Much of progress within C5+1 framework has been driven by increased cooperation among Central Asian states. The regional cooperation had previously been hindered by Kyrgyz-Tajik border conflict, Kazakhstan-Uzbekistan rivalry, and Turkmenistan’s isolationism or more formally its policy of neutrality. However, all three factors have changed. Kazakhstan and Uzbekistan signed an important agreement on cooperation in December 2022, Tajikistan and Kyrgyzstan resolved border dispute in March 2025, and Turkmenistan, while preserving neutrality status, has pursued more active regional engagement.

In the meantime, beyond the Caspian region, Russian invasion of Ukraine, conflicts in the Middle East, the US-China competition have made the Central Asian states and Azerbaijan seek greater understanding on intraregional trade and cooperation. These factors were compounded by the Russian subtle threat against Caspian states’ territorial integrity, independence and ethnic identity.

In the 1990s, Azerbaijan, a landlocked country, made two pivotal decisions. First, then-president Heydar Aliyev sought to integrate the country’s economy with that of the West through greater partnership with Western companies. This culminated in the signing of a so-called “Contract of Century” in 1994. Second, he prioritized routing oil and gas pipelines via Türkiye to European directions. These steps enabled Azerbaijan to achieve greater geopolitical autonomy as compared to Kazakhstan and Turkmenistan, which remained dependent on the Russian energy network. The incumbent leader Ilham Aliyev, while continuing the Europe-focused energy policy, has also initiated a strategic pivot towards East. 

Today, Azerbaijan’s investments in the Middle Corridor and trans-Caspian transport infrastructure offer Central Asia crucial access to European and Turkish markets, bypassing traditional dependency routes.

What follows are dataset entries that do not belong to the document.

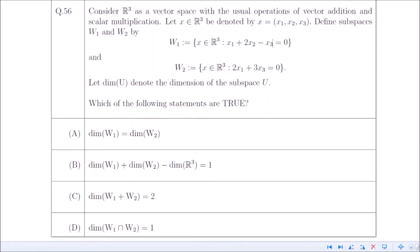Today we are going to discuss the solution of this question from linear algebra. This question came in the GATE examination 2022 and has more than one correct option. They have given a vector space R³ under usual addition and scalar multiplication operations, with two subspaces W1 and W2, and we have to talk about the dimension of these subspaces.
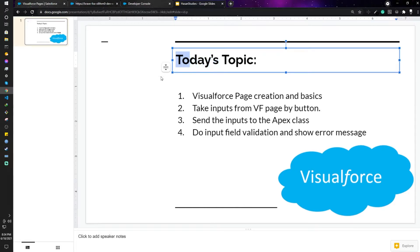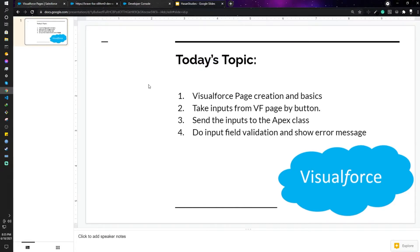Hope you are doing well. Today our topic is Visualforce page, and I'll be showing these topics: how to create a Visualforce page, some basics, how to take some inputs and send them to the Apex class, and do some validations. So let's jump in.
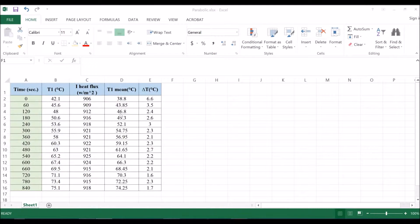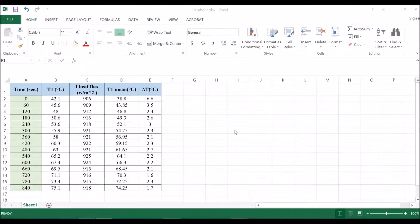This table should look something like this, where you have the time, t1, heat flux, t1 mean, and delta t. We're going to plot delta t versus t1 mean.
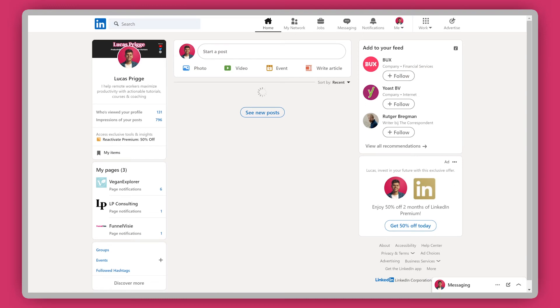Now I've gone through all of the companies, people, and hashtags that I was following and unfollowed all of them. And as you can see on my feed, it is now completely empty — nothing is loading because I am not following anything. This means you can start with a fresh slate. As you can see, this method is free, it's super fast, and it's effective.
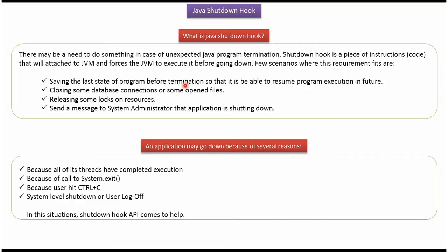Saving the last state of the program before termination so that we can resume program execution in future from that last state. Closing some database connections or some open files. Releasing some logs on resources. Sending a message to the system administrator that the application is shutting down. An application may go down because of several reasons, and here you can see some of those reasons.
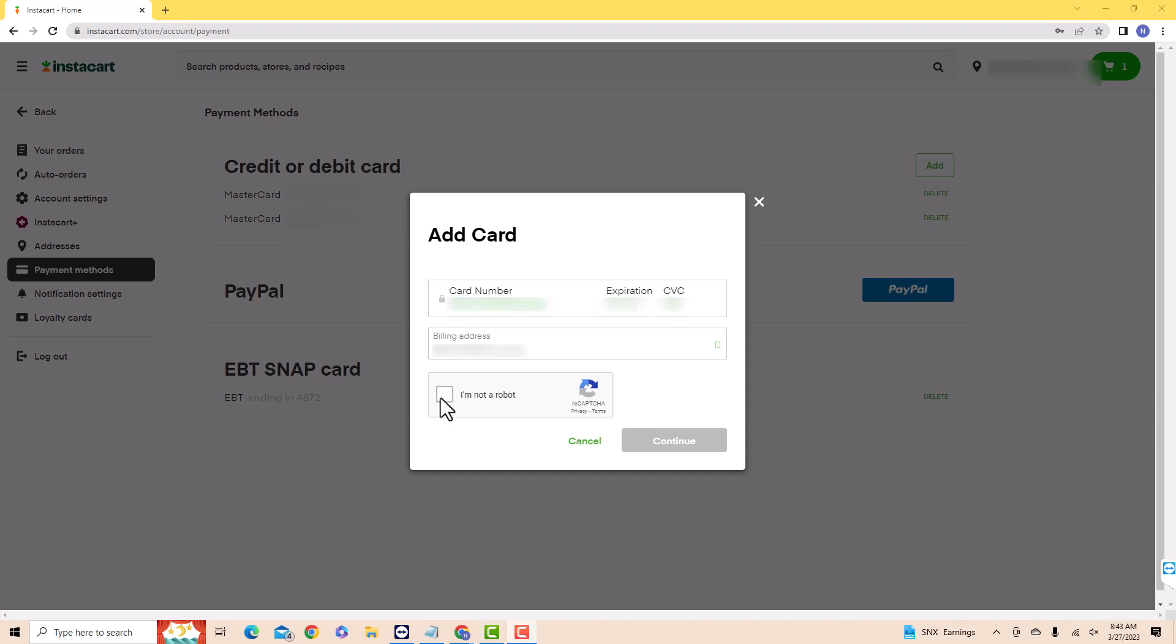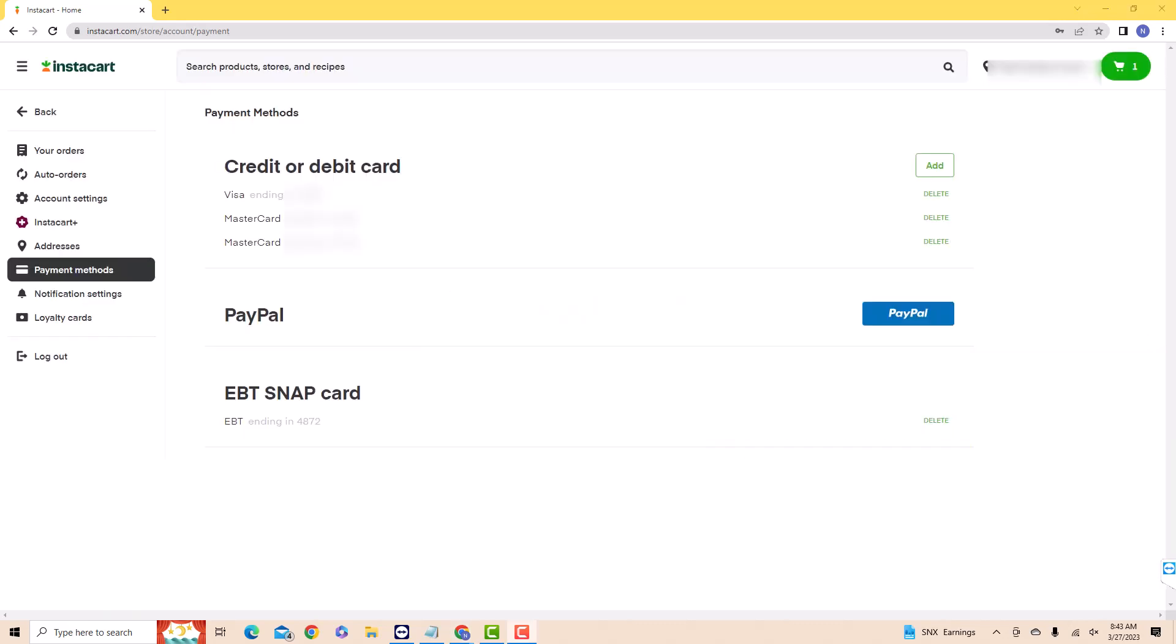For CAPTCHA verification, click on the tick box beside I'm not a robot. Then click on Continue. That's how you link a new credit card to Instacart.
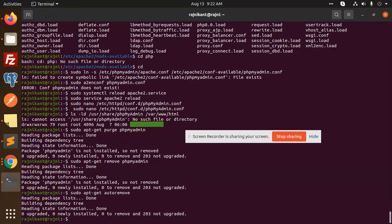In the coming video, we are going to install phpmyadmin. If you haven't subscribed to my channel, please subscribe. Thank you for watching this video. Don't forget to like, share, and comment. Have a great day.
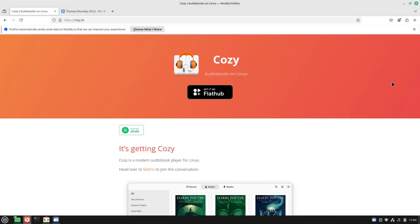Welcome back to Switch to Linux. Today we want to have a brief look at an audiobook player for Linux. If you happen to like audiobooks and wanted to look for a specific player rather than tying those into whatever media library you're using, Cozy is an option for you.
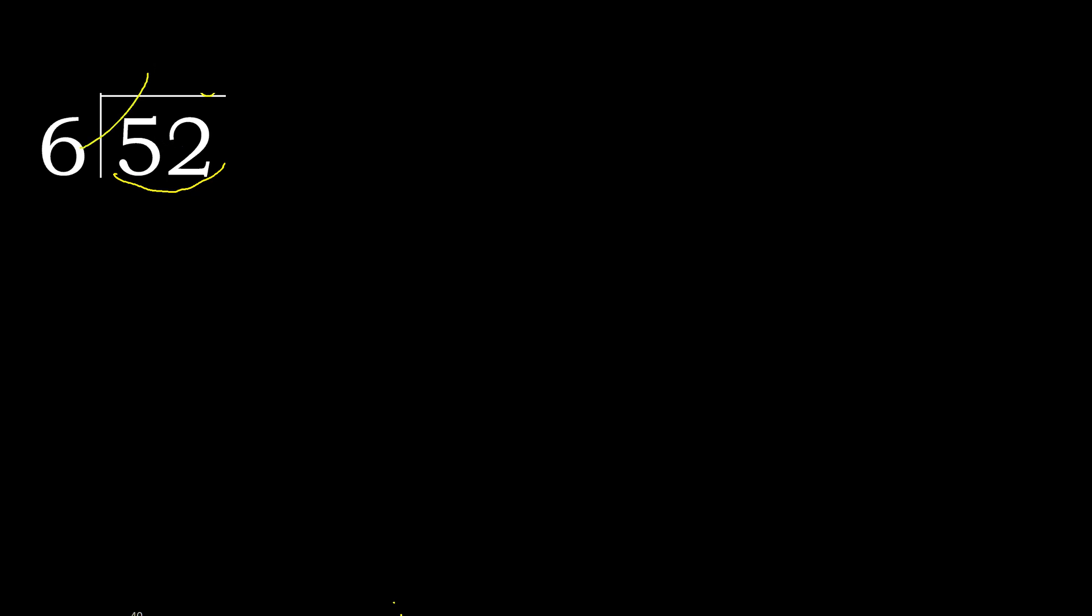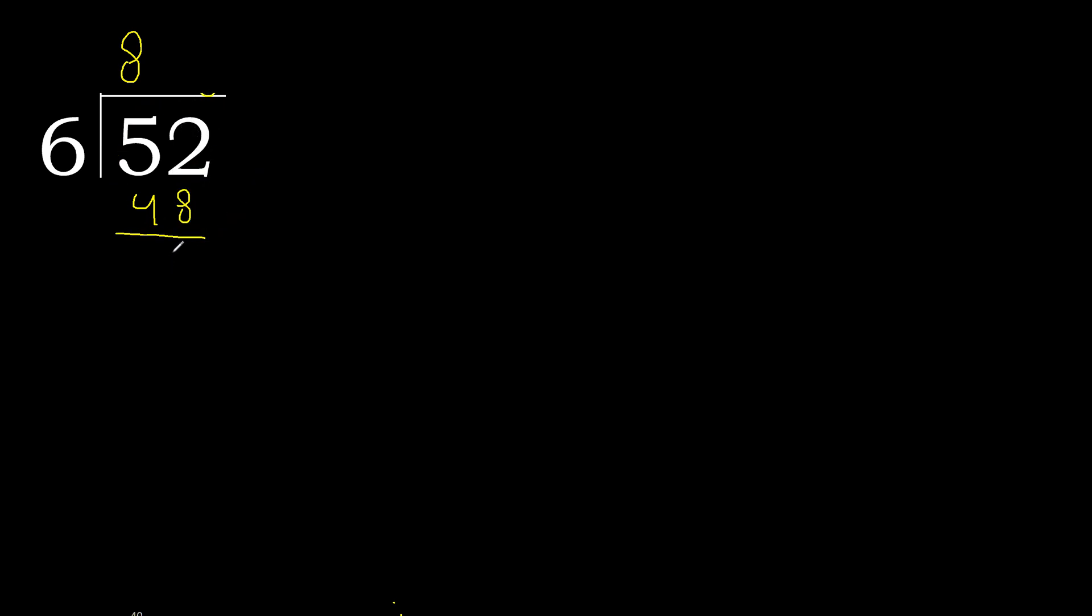6 multiplied by which number is nearest to 52 but not greater? 6 multiplied by 9 is 54, which is greater. Multiplied by 8, 48, OK, is not greater, perfect. 52 minus 48 is 4.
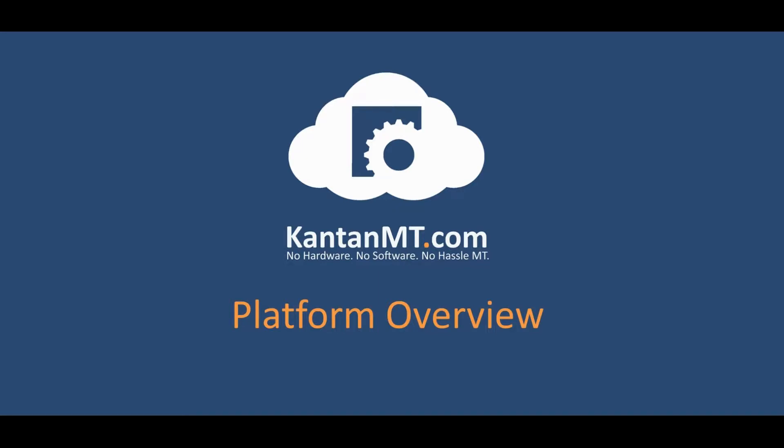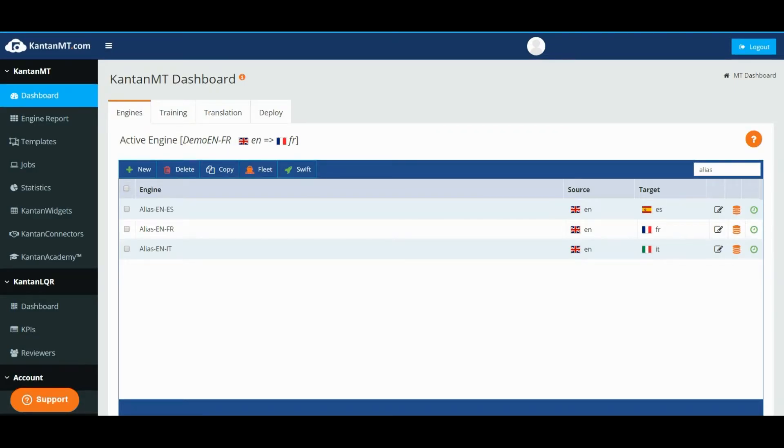This video will give you an overview of the new KantanMT user interface. Once you log on to the platform, you will find the new KantanMT dashboard where you can manage your KantanMT engines.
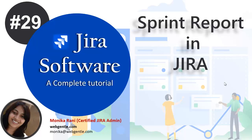Hi there, welcome back to this Jira course. In today's video I'll explain the next report of Jira, which is super useful and important for people who are using Scrum and using boards in Jira. The report name is Sprint Report.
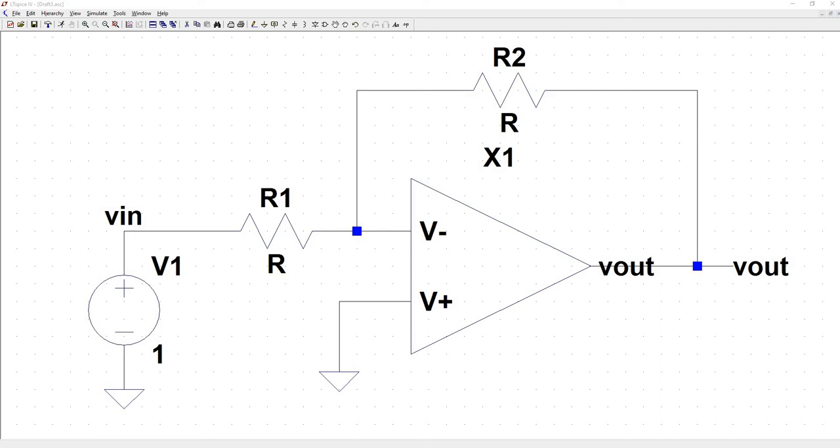Now we're getting into feedback. The first topology is the inverting configuration. This is what it looks like. We are using the same op-amp part that we created in the last video, so we are still dealing with idealities. With the addition of just two resistors, this circuit becomes a closed loop with controllable gain. The power supply and the feedback are both tied to the inverting terminal, hence inverting configuration and negative feedback.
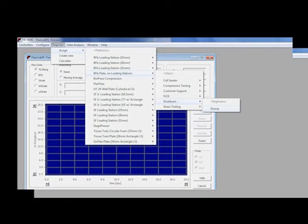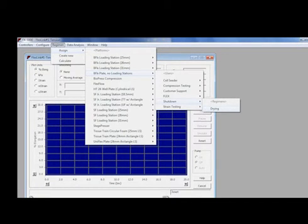To run this regimen, choose the appropriate Flex link from the Controllers drop-down menu. In the Regimen menu, select Assign.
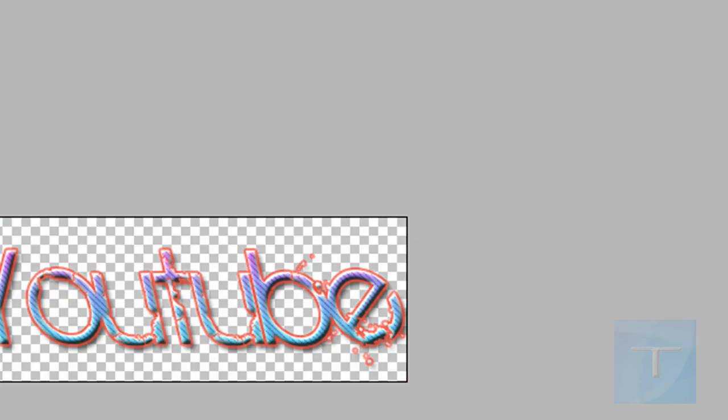And that's the end of this tutorial on how to make a flashy banner animation in Photoshop.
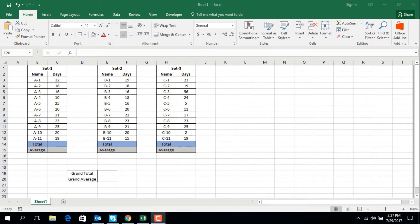Hello everyone, welcome to my another tutorial on Microsoft Excel. My name is Nadine. Today I will show you how to calculate grand total and grand averages from multiple sets of groups.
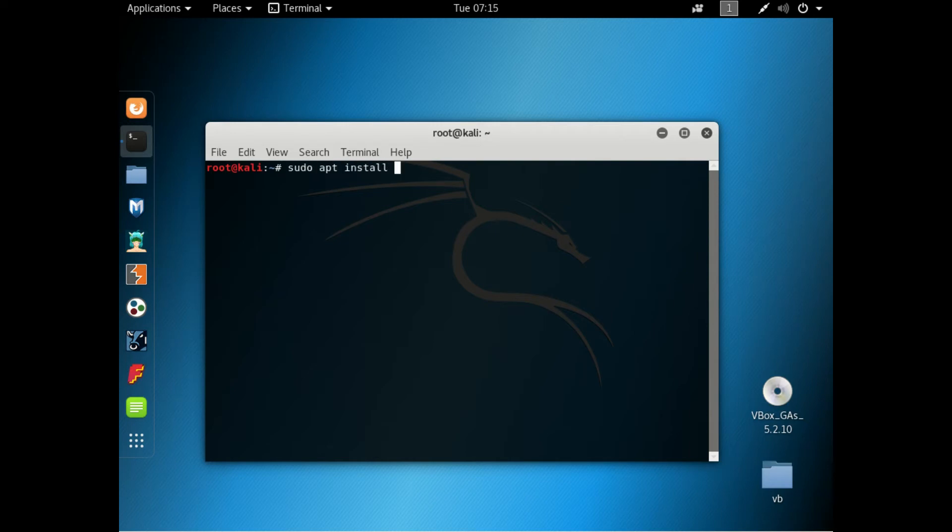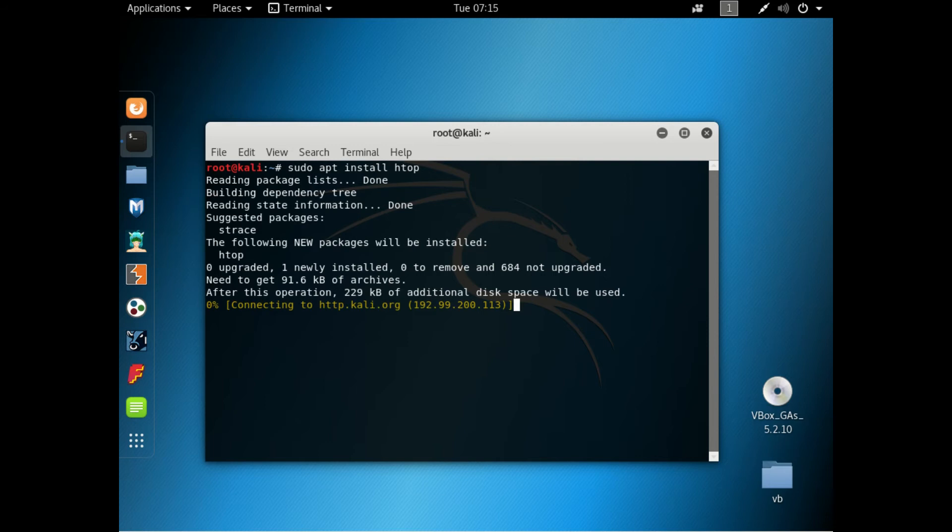sudo apt install and whatever it is you want it to be. Let's download or install htop and there we go, so let's get that to install.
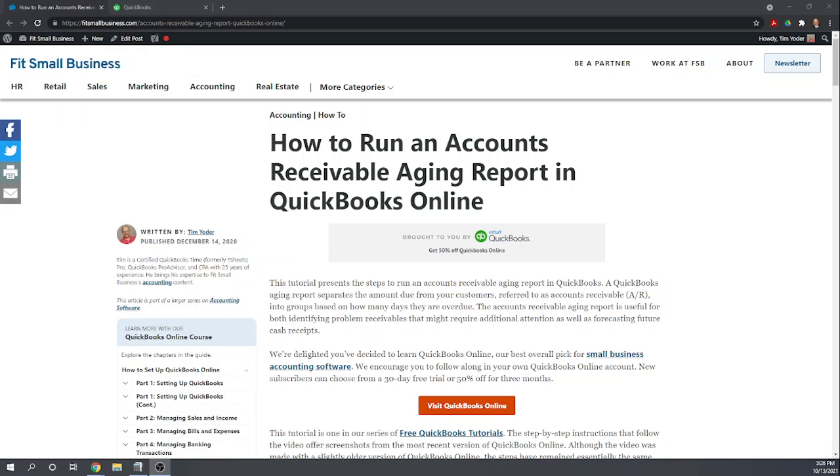Hi this is Tim Yoder with Fit Small Business. Today I'm going to teach you how to run an accounts receivable aging report in QuickBooks Online. This tutorial is one of our 46 free QuickBooks Online tutorials that you can find by googling Fit Small Business QuickBooks Online tutorials.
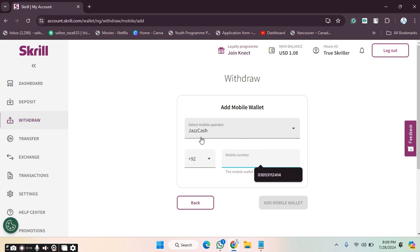I hope you learned in this video how you can connect your wallet with a Skrill account and how you can withdraw your money. See you guys in the next video.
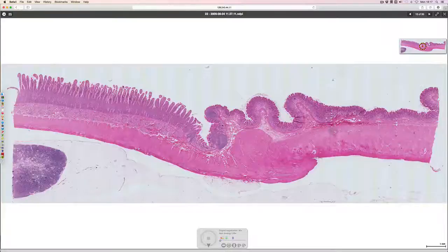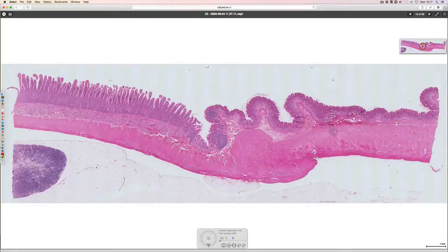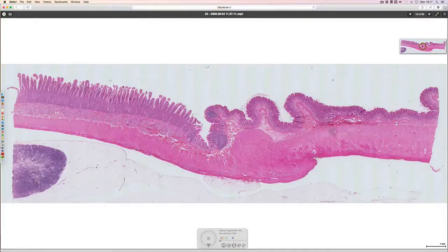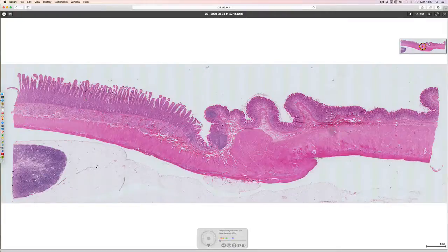That was the stomach epithelium. Following it along until we reach the junction, there is a change in epithelium at this point and we get a different sort of mucosal structure, where we can see long finger-like projections poking into the lumen. These are the villi of the small intestine — folds of mucosa.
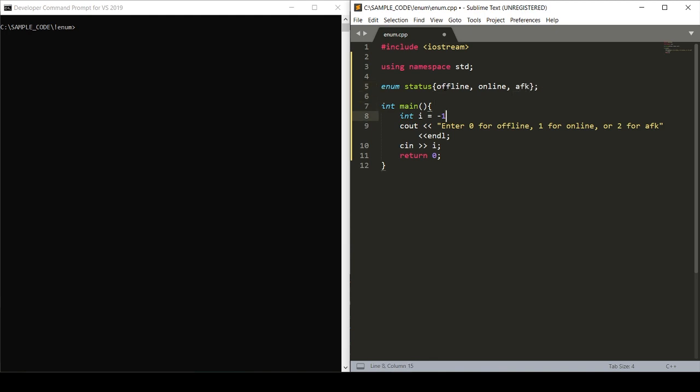Okay, so another important place where we see enums used in code is in switch case statements, where all the values or cases can be defined as enums. So this way we can ensure the user is not entering invalid states. We can also cycle through the different cases. So in order to set this up, we'll set up a switch case that takes in this user-defined variable of I.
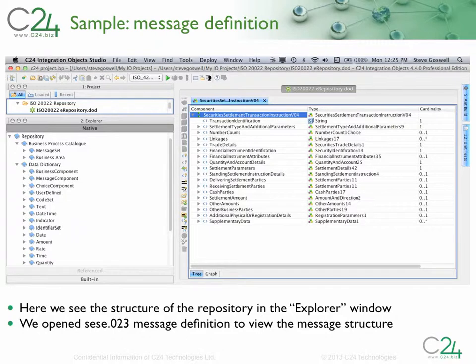Now we will walk through a few example scenarios to illustrate the features of the C24IO 20022 repository. In this first example, we can see the structure of the repository in the explorer window on the left. In the main pane on the right, we see that the message definition for the SESE.023 settlement instruction has been opened.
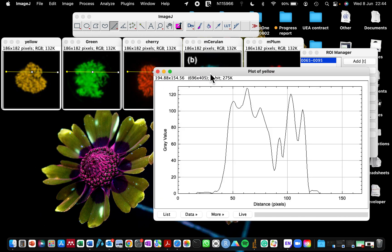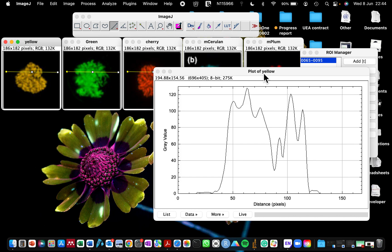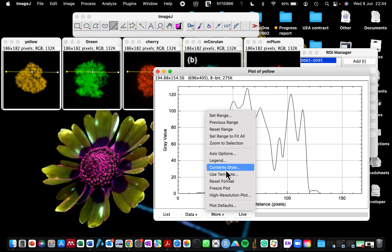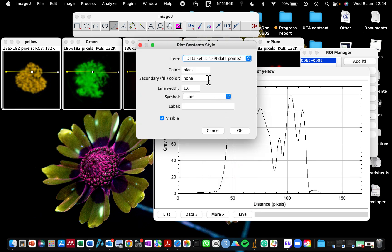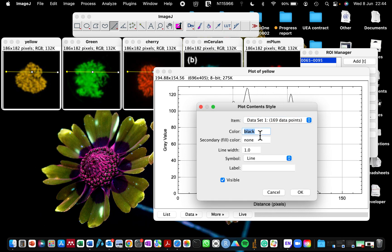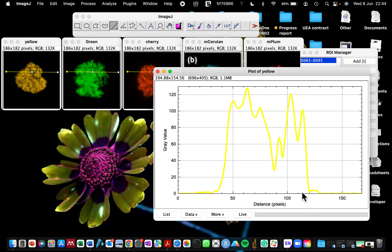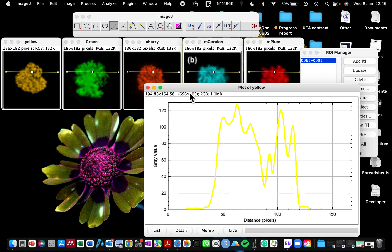Next, go to Analyze > Plot Profile. When I click on Profile Plot, it creates a single plot for the yellow channel. I immediately modify this plot by going to Content Style, changing the color from black to yellow, and increasing the line width to four to make it more visible. You can see the line is no longer black but yellow.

In addition to transport, energy cooperation has become a cornerstone of Azerbaijan’s growing engagement with the Central Asian republics. In January 2025, Azerbaijan, Uzbekistan, and Kazakhstan signed a memorandum of understanding to deepen collaboration in the fields of energy transit, renewable energy development, and technological exchange. Beyond hydrocarbons, this partnership emphasizes joint research on renewables and investment in solar and wind technologies, supporting the region’s gradual transition toward a low-carbon economy. This synergy not only enhances regional energy security but also positions the emerging six-state format as a credible energy hub bridging East and West.

Azerbaijan’s six-states concept is more than a rhetorical device - it embodies a strategic vision of regional leadership, anchoring Central Asia into a broader Eurasian framework. To realize this transformation, however, stakeholders must move beyond bilateral symbolism and invest in institutional mechanisms, shared initiatives, and infrastructure - allowing the six states to become greater than the sum of their parts. Azerbaijan stands ready, not as an outsider linking to Central Asia, but as an intrinsic partner transforming traversing lines into a unified regional pathway.